Contrary to Garrison’s suggestion, radiocarbon dating is not the only discovery to truly revolutionize archaeology or archaeological dating. Accelerator mass spectrometry, 1 which was covered in the Garrison article (see also the article by Richard A. Muller in Physics Today 0031-9228 32 2 1979 23 https://doi.org/10.1063/1.2995406 February 1979, page 23 ), increased the sensitivity of carbon-14 methods by a factor of 1000, enabling their use on much smaller samples. The invention of potassium-40/argon-40 dating (and its modern equivalent, 40Ar/39Ar) was equally important for the field of archaeology and, as Garrison mentioned, has enabled us to date most hominid remains. The 40Ar/39Ar method has also been used to help determine the provenance of building stones, such as those in ancient Rome. 2
Garrison suggests that there is an age “gap” from 0.05 Ma (million years ago) to 0.5 Ma between the effective age ranges covered by radiocarbon and 40K-decay dating methods. This is false. While 0.05 Ma is the approximate range to which radiocarbon dating can be used, the 40Ar/39Ar method is being used all the way down to the historical realm, where it has been used to date the 79 AD (that is, 0.002 Ma) Mount Vesuvius eruption.3 Thus, the lower limit of 0.5 Ma for 40K/40Ar dating mentioned by Garrison is incorrect, and the gap does not exist. Additionally, uranium series decay methods are also ideally suited for dating materials of this gap age, including volcanic rocks, soil carbonate, and animal teeth.

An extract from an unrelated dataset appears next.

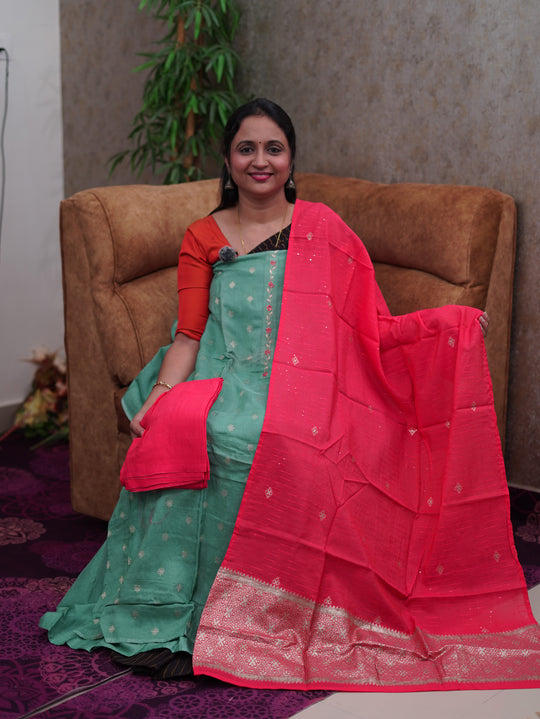 SILK BANARASI SALWAR MATERIAL CODE:MB153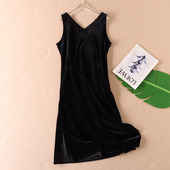 优雅气质春秋金丝绒背心裙女显瘦V领A字中长款 打底连衣裙子W1618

Garrison points out that other dating methods have been used to date materials of the gap age. While it is true that other methods (thermoluminescence, optical-stimulated luminescence, and electron-spin resonance) are being used to date certain types of samples of that age (and, in many cases, samples that cannot be dated by radioisotopic means), the uncertainties associated with those methods (10% suggested by Garrison) are significantly larger than those associated with radioisotopic dating techniques (routinely 1–2% error) when applied to materials of the same age. Thus, if given the choice, no one in the dating business would choose one of those other dating techniques over radioisotopes.
As a final note, Carl Swisher was not at the University of California. The 40Ar/39Ar laboratory where he worked on dating Java Man is the Berkeley Geochronology Center, a nonprofit research institute that is not a part of the University of California. The center and its benefactors deserve much of the credit for the dating of Java Man.